• Task description: Please give the lines below again exactly as they stand, from the one that contains "ラブムービー映画カンフーカメラシネマウォールクロック 壁時計 (傾斜)" up to and including the one that contains "25/26 Bayern Munich", leaving all pictures out.

• Exercise input:
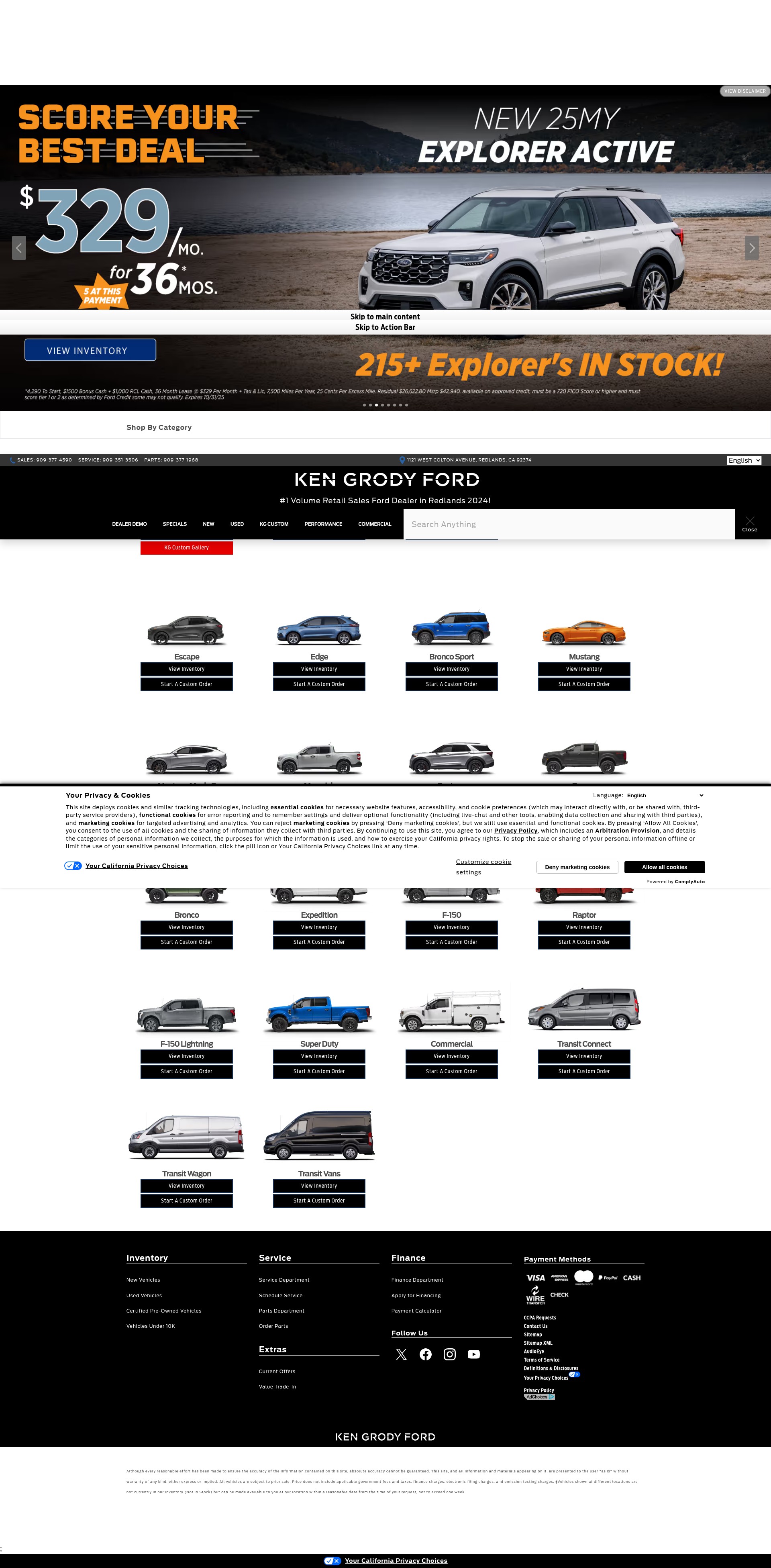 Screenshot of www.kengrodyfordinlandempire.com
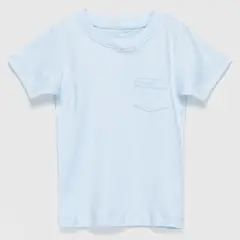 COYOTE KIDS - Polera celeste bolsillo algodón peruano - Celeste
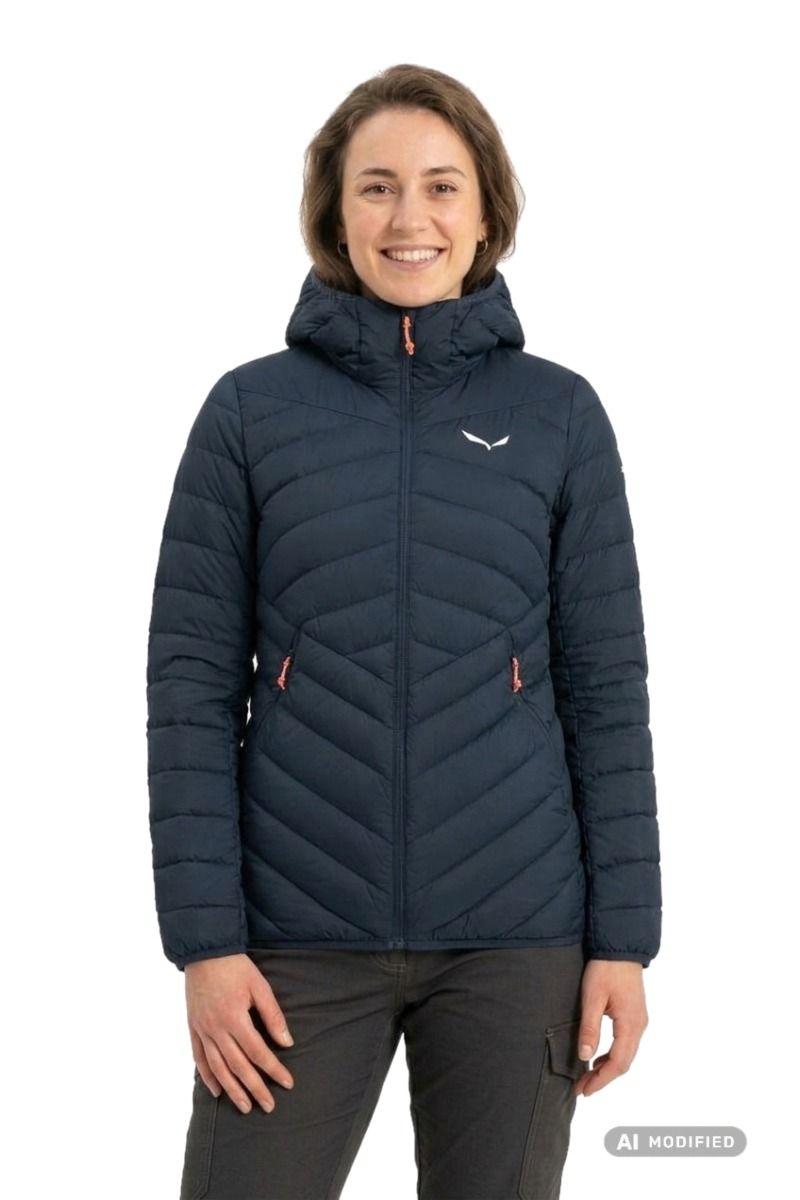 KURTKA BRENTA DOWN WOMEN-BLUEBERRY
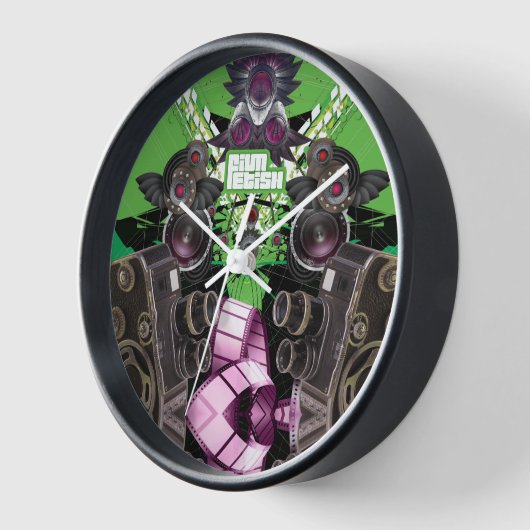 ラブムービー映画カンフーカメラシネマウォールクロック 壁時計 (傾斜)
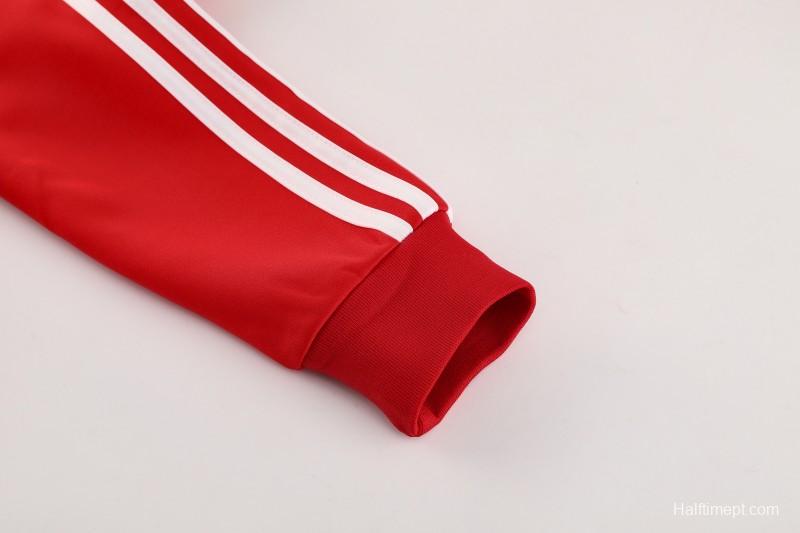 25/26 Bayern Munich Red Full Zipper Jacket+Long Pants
* * *
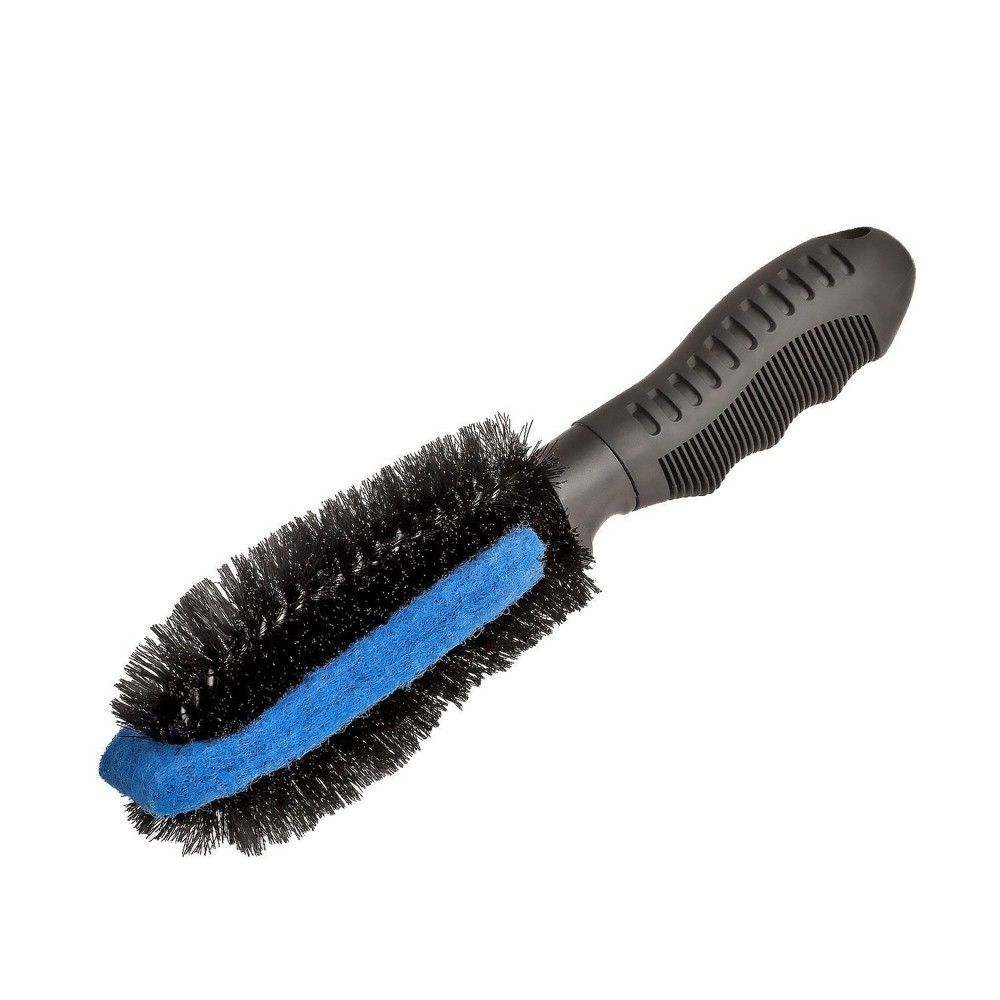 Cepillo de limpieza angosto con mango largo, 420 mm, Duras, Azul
...
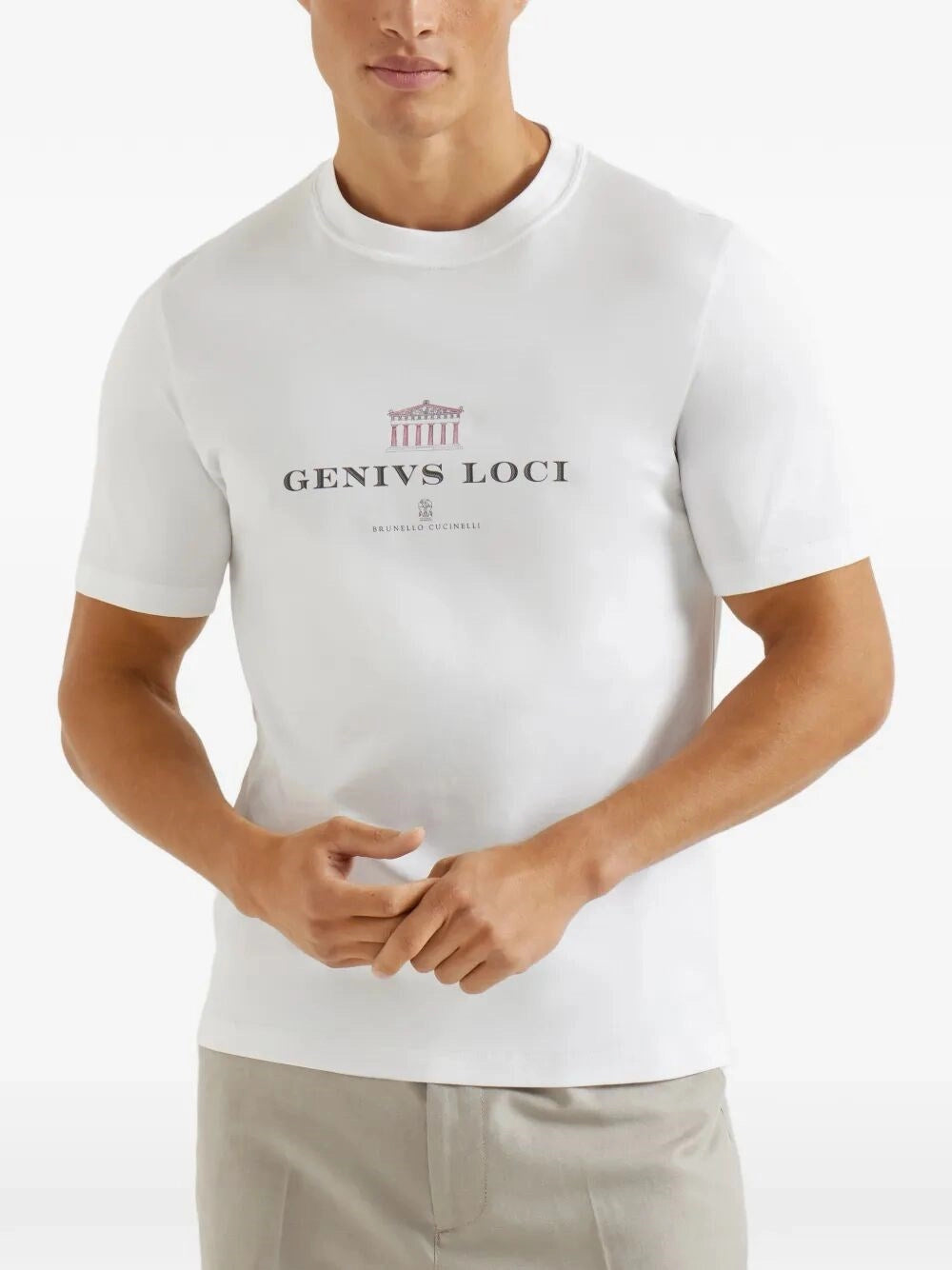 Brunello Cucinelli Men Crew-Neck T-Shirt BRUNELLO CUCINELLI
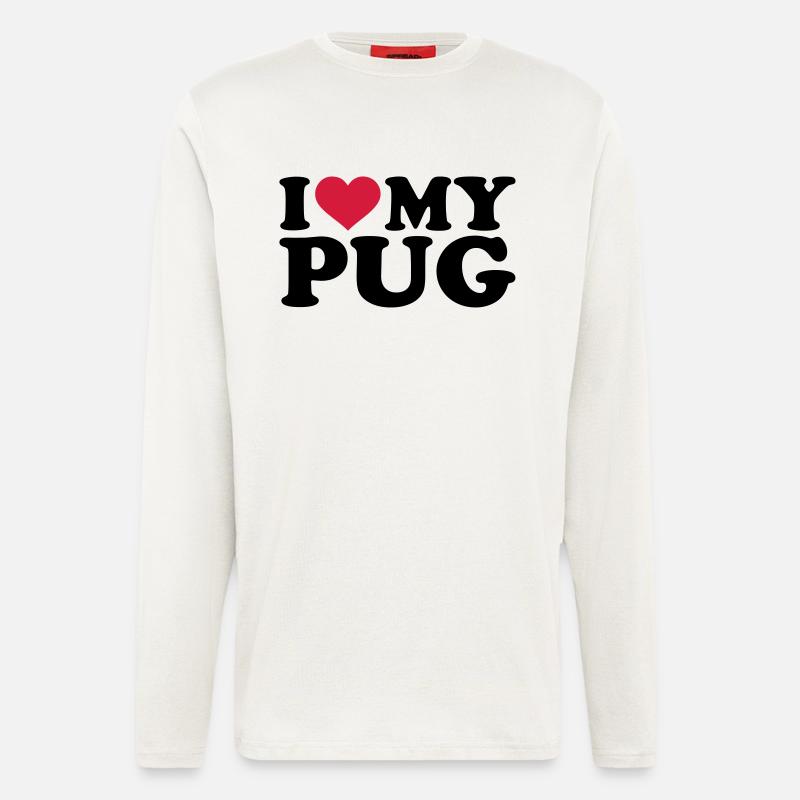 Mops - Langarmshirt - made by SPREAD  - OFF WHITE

• Answer section:
 ラブムービー映画カンフーカメラシネマウォールクロック 壁時計 (傾斜)
 25/26 Bayern Munich Red Full Zipper Jacket+Long Pants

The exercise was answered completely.